Warriors must prepare to embrace new NBA reality after golden era

OAKLAND – After establishing a standard of excellence, the events of the NBA's latest July whirlwind have amounted to, at the very least, a temporary setback for the Warriors.

Kevin Durant’s decision to leave for the Brooklyn Nets – to partner with close friends Kyrie Irving and DeAndre Jordan – along with Klay Thompson suffering a torn ACL that will keep him out most of next season didn’t necessarily apply brakes to the franchise’s rocket to the sports mountain. It did, however, force radical rerouting.

This is the first summer since 2015 that the Warriors are not considered serious contenders to win a championship. As someone who understands ownership is the first step toward competitive advance, CEO Joe Lacob can’t be pleased with the outlook.

The question, then, becomes whether Lacob understands the success/failure cycles inherent to teams in the NBA. The early indication is that he does.

“Joe loves action, in some respects, but not without thought behind it,” president/general manager Bob Myers told NBC Sports Bay Area on Monday. “He wants action with intentions.”

After a frenetic 17 days between the draft and free agency, here are the changes Myers and his front office team are delivering to Lacob and Warriors fans: One top-50 NBA player (D’Angelo Russell), one second-year big man already facing a career crossroads (Omari Spellman), three free agents light on credentials (Alec Burks, Willie Cauley-Stein, Glenn Robinson III) and three rookies (Jordan Poole, Alen Smailagic, Eric Paschall).

The Warriors likely will open the season with those eight players trying to create unity with holdovers Stephen Curry, Jacob Evans III, Draymond Green, Kevon Looney and Alfonzo McKinnie.
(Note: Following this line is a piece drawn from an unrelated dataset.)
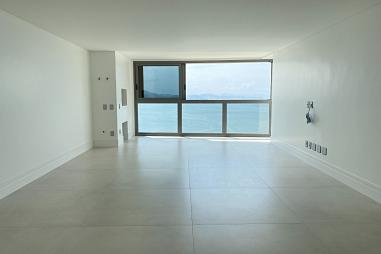 Pharos Residence - Apartamento frente ao mar com 04 suítes, 04 vagas, andar alto, novo e nunca habitado!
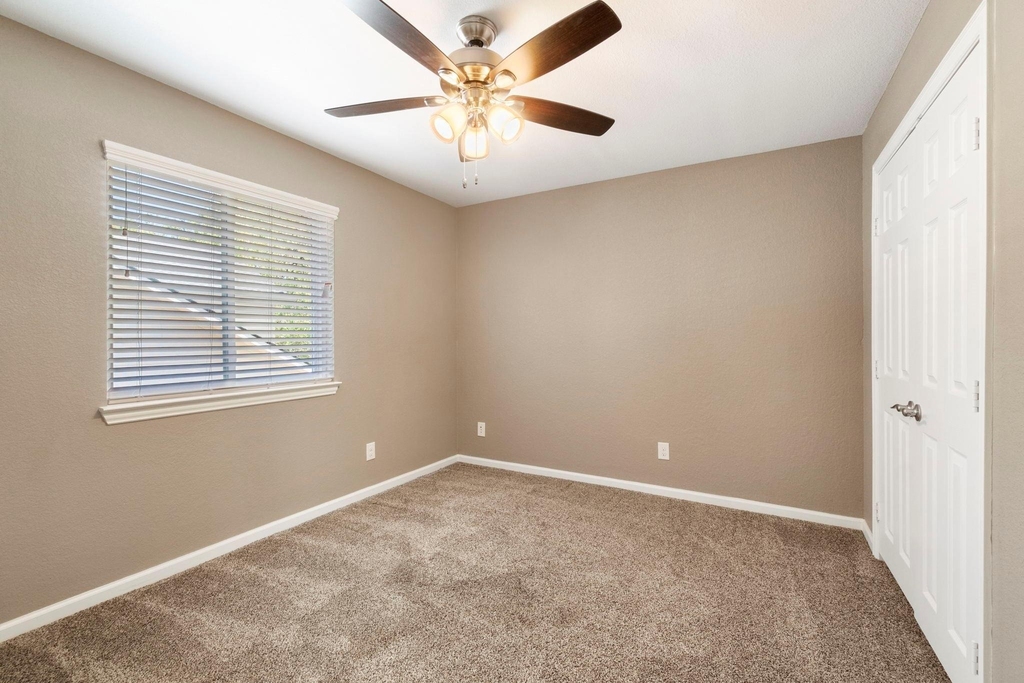 19 Shimmer Pond Place - Photo 27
The hope is that Thompson will suit up sometime after the February All-Star break.

“Joe was actually very supportive of our direction,” Myers said. “He liked the idea of us going younger. He was a little fearful of being an old team in the next few years. But with Kevin’s departure, it pushed us in this direction.

“From Joe’s vantage point, he embraced the emphasis on youth. Once we went with D’Angelo, the idea with all of us, including Joe, – was not to grab some young guys and see what they can do when combined with Steph and Draymond and Klay. Kevon is young, but on this team, he’ll be considered a vet.

“Joe was good,” Myers continued. “Joe’s super competitive, super driven. But he also does support us in our decisions. He’s involved. He’s excited about what’s coming.”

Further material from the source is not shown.